Source records
*-*-*

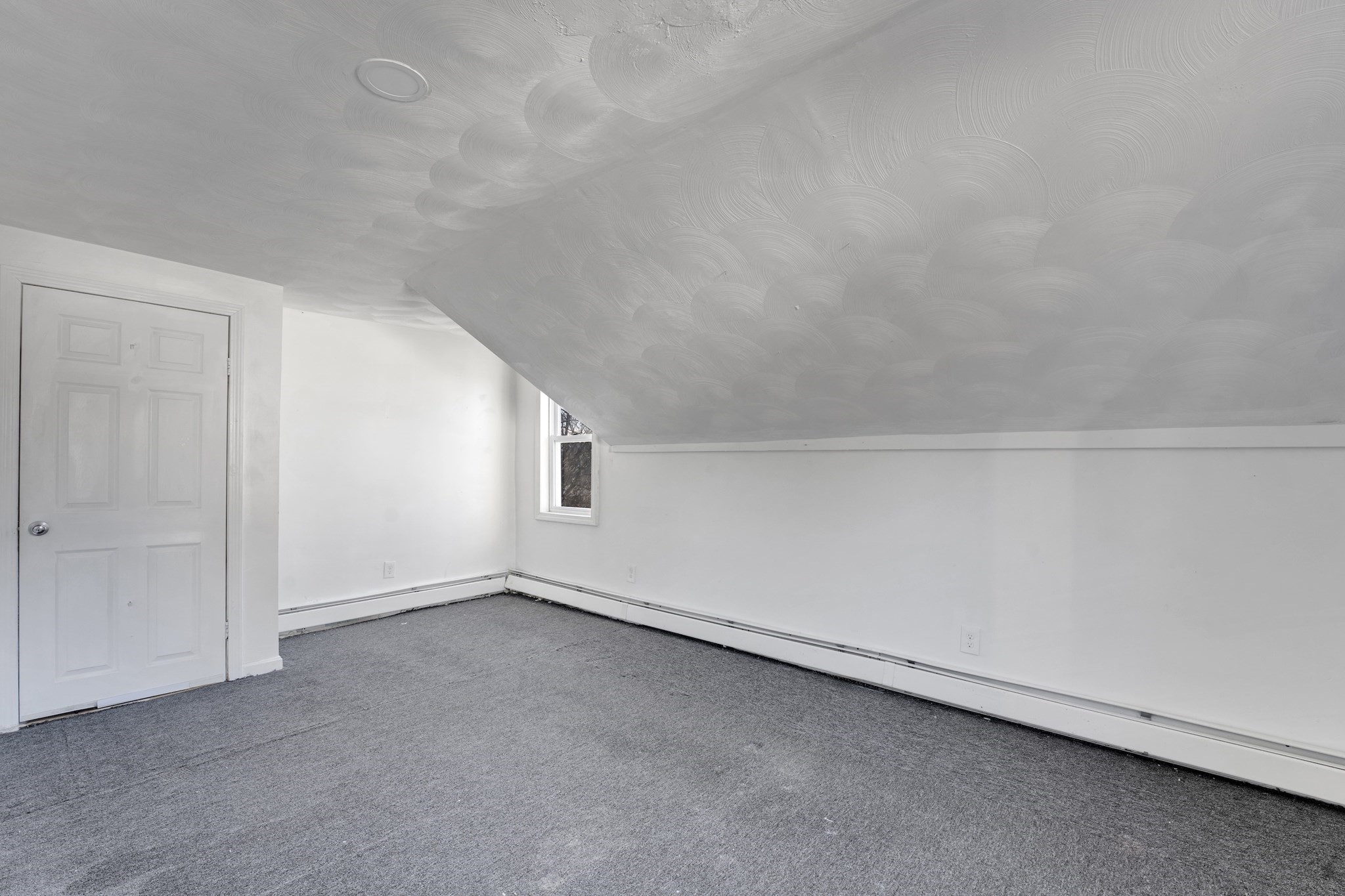 588 Manton, Providence, RI 02909 - Image 35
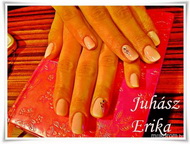 épített géllakkos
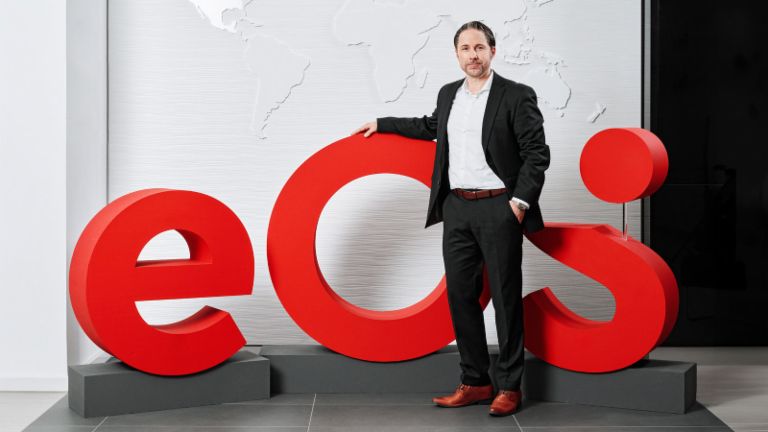 Toto je nová značka EOS: Marwin Ramcke predstavuje seba a nové logo EOS.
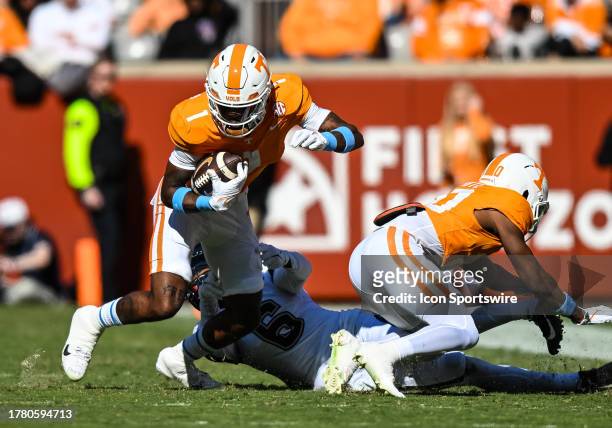 Tennessee Volunteers wide receiver Dont'e Thornton Jr. Runs the ball during the college football game between the Tennessee Volunteers and the...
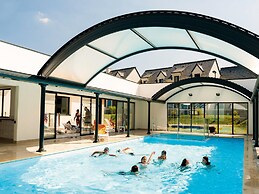 Apartment With Loft in Holiday Parkdd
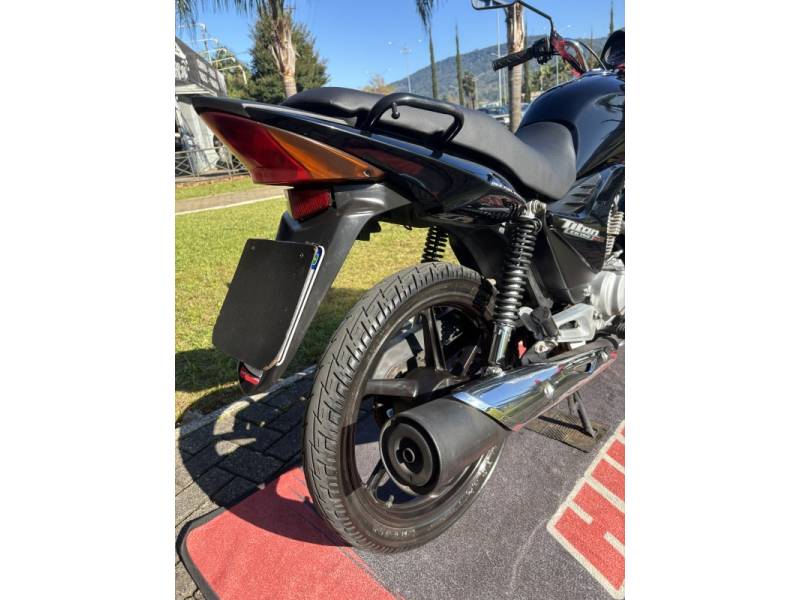 HONDA - CG 150 - 2011/2011 - Preta - R$ 11.900,00
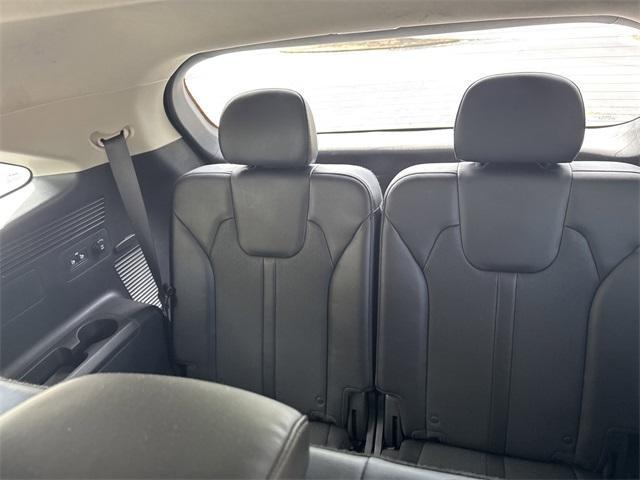 used 2022 Kia Sorento car, priced at $27,491
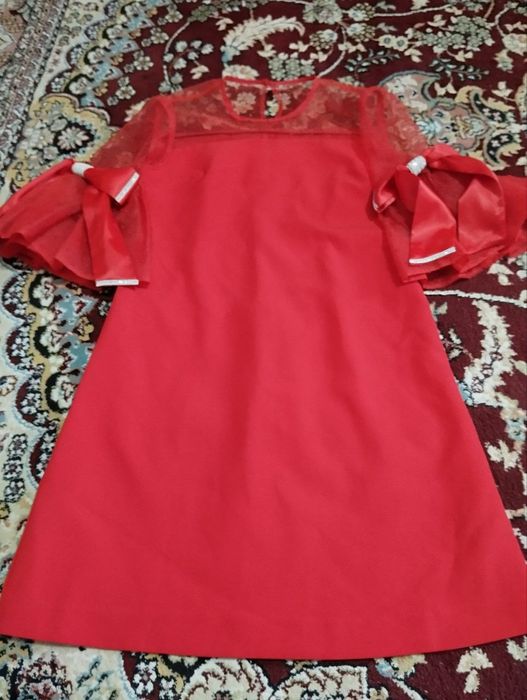 Платья и спортивные худи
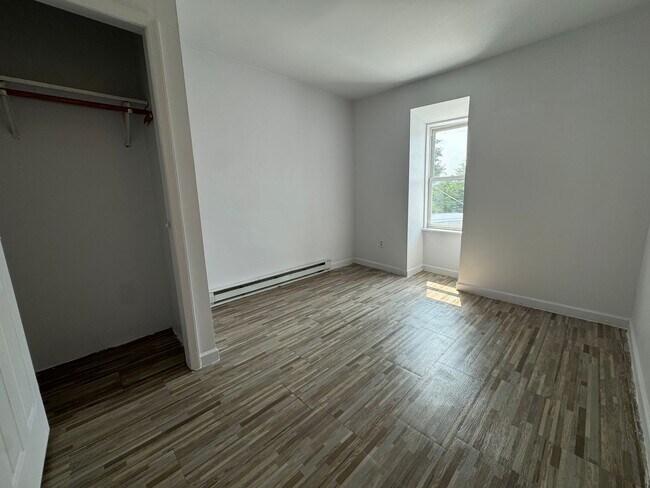 Building Photo - 826 N Ninth St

*-*-*

Only the lines from the one containing "Apartment With Loft in Holiday Parkdd" through the last line of the entries, both included, should be repeated exactly, and the pictures should be left out.

Answer space:
 Apartment With Loft in Holiday Parkdd
 HONDA - CG 150 - 2011/2011 - Preta - R$ 11.900,00
 used 2022 Kia Sorento car, priced at $27,491
 Платья и спортивные худи
 Building Photo - 826 N Ninth St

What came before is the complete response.